However, we did have our welcome fiafia last week, which was quite exciting. All the current volunteers came into Apia and performed dances for us. Then we had a performance from some fire dancers, and ended with a delicious potluck and an outing into town. It’s really great to meet all the current volunteers, and so far they all seem pretty excited to meet us, although I’m sure they get asked the same questions a million times – what are the host families like? What’s your school like? What’s the food like? How do you dress to go running and what do you say to the guys who talk to you?
Another notable day this week – I went on a hike to climb the “mountain” on Upolu. I’m pretty sure it’s the highest point on the island, and I think it’s a dormant volcano (although I’ve heard mixed stories about whether the volcano is dormant or still active but never really erupts…) It took about 45 minutes to get up and maybe a half hour to go back down. On the top, you could look out one direction into beautiful green hills and look out the other direction at the ocean. That was a fun excursion.

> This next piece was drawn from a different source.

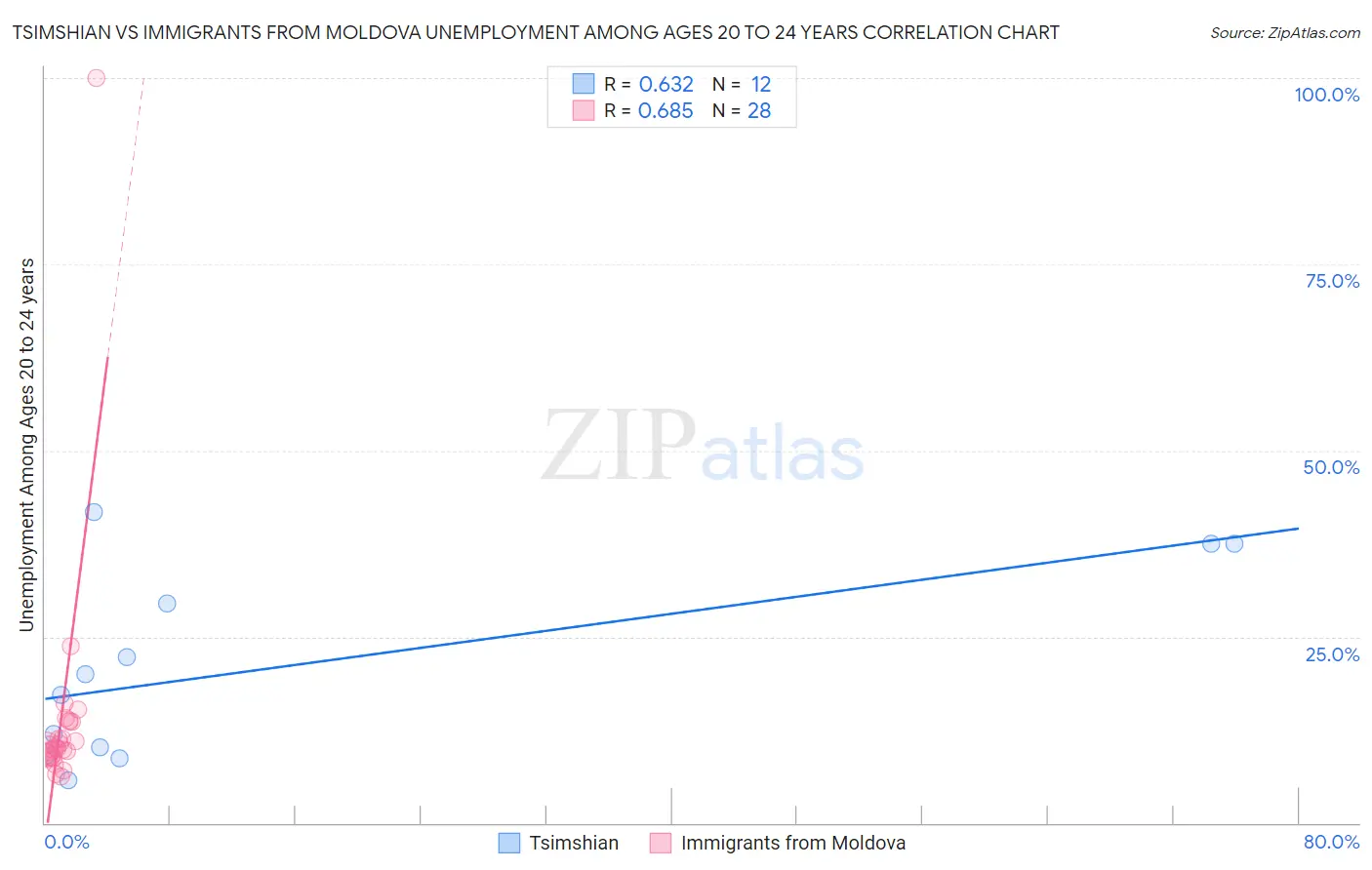 Tsimshian vs Immigrants from Moldova Unemployment Among Ages 20 to 24 years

Today we got our host village assignments – they split us up into four training villages, which I think is a new thing for PC Samoa. I will be in Lotofaga (loh-toh-FAHN-ga – the “g” is pronounced “ng”) and I get a bike because apparently my host family is a bit farther away from the training fale than most other people. I find this hilarious because I much prefer walking to riding a bike and I haven’t really ridden a bike since elementary school, except for a few occasions in college. I also have to wear a helmet whenever I ride my bike, and it’s pretty much impossible to wear a puletasi or knee-length skirt while riding a bike, so they suggest wearing shorts under a lavalava and changing when I get there. I see a lot of sweaty days and helmet hair in my future. Host families will certainly be an adventure, but according to Kierkegaard "To venture causes anxiety, but not to venture is to lose onself," so I'll just keep that in mind.
I will not be taking my computer with me to my training village, so I doubt I will have internet access for the next 7 weeks. In one week it is Halloween, in three weeks we get our site assignments, and in four weeks (maybe five, I can’t do time math) we celebrate Thanksgiving with the Charge d’Affaires, but all those stories will have to wait until we come back to the hotel for swearing-in in mid-December. I will talk to you all then!